Le réseau des Arts et des Lettres en Belgique et dans la diaspora francophone
ENTRE LES SPHERES DE L’INFINI : L’ŒUVRE D’OPHIRA GROSFELD
Du 01 au 25-06-17, l’ESPACE ART GALLERY (Rue Lesbroussart, 35, 1050 Bruxelles) a consacré une exposition, intitulée PINCEAU RYTHMIQUE, dédiée à l’œuvre de l’artiste belge, Madame OPHIRA GROSFELD.
PINCEAU RYTHMIQUE annonce, par l’exactitude de son intitulé, la démarche engagée par l’artiste pour atteindre la finalité du geste aboutissant à la forme, étalée dans l’espace. La portée même de l’intitulé exige du visiteur de s’impliquer dans l’exploration de l’univers du peintre pour trouver les clés donnant accès à cette finalité.
Cette exposition, pleine de poésie, en dit long sur la portée du jeu technique de l’artiste. Car c’est précisément la haute palette de son jeu technique qui devient le véhicule conduisant le peintre à exprimer le trait sous toutes ses coutures. Négliger cet aspect des choses aboutit à ne rien comprendre de l’esthétique de cette artiste. La technique devient la servante obéissante de l’émotion, en ce sens qu’elle s’avère à la fois consubstantielle et finalité de son discours pictural. Abandonner les possibilités explorées dans la technique au bénéfice, par exemple du symbole ou de l’émotion, équivaut à tuer le discours dans son déploiement créateur.
OPHIRA GROSFELD est une artiste pour qui le premier coup de pinceau détermine les prémisses d’un parcours menant, de rythme en rythme, vers la finalité (même provisoire – si tant est qu’une œuvre soit « définitivement » terminée) d’une création en tant que prise de conscience.

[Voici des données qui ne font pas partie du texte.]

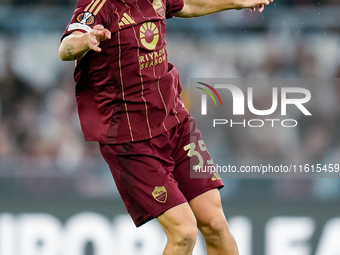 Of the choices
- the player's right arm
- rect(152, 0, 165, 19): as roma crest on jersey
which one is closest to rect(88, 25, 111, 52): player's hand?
the player's right arm

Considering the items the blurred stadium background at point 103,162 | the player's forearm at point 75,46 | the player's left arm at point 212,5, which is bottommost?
the blurred stadium background at point 103,162

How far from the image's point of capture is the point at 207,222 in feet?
11.3

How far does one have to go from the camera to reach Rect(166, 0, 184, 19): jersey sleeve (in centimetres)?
365

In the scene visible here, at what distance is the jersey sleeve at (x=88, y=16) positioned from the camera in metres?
3.11

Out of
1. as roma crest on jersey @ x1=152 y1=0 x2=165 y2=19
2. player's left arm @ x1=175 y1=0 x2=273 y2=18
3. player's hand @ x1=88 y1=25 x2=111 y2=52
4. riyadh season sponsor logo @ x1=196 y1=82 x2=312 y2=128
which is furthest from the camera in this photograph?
riyadh season sponsor logo @ x1=196 y1=82 x2=312 y2=128

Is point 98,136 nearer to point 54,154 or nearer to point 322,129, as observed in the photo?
point 54,154

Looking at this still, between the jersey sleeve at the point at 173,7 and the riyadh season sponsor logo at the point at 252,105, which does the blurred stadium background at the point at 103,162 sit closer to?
the riyadh season sponsor logo at the point at 252,105

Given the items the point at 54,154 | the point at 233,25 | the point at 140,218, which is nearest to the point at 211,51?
the point at 233,25

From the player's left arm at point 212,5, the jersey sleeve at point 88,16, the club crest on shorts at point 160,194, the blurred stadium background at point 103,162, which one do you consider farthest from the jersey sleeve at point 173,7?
the blurred stadium background at point 103,162

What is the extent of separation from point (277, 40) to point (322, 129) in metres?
0.77

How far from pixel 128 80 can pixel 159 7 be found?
1.35 ft

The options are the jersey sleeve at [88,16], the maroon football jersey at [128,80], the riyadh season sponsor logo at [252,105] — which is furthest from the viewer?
the riyadh season sponsor logo at [252,105]

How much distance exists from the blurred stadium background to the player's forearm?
6.73 feet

Un trait elle, n’est jamais quelque chose de gratuit, en ce sens qu’il amène un autre trait, soit en continu, soit en parallèle. L’harmonie se conçoit dans une suite de traits, révélant un pinceau affiné, « rythmique », soutenu par des couleurs variées, jamais criardes, dont dénominateur commun est un arrière-plan au chromatisme souvent uniforme dans les teintes. Son œuvre est abstraite. Il s’agit, ici, d’une abstraction « lyrique » parfois calme et ordonnée. Parfois regorgeant d’une passion lumineuse, traduite dans un chromatisme de circonstance. Une abstraction où tout répond à tout. il s’agit d’une œuvre faite de musique souvent syncopée comme le jazz, où le « staccato » règne en maître. Une musique obéissant à une mathématique cachée dont on ne perçoit que l’aspect visible émergeant au regard.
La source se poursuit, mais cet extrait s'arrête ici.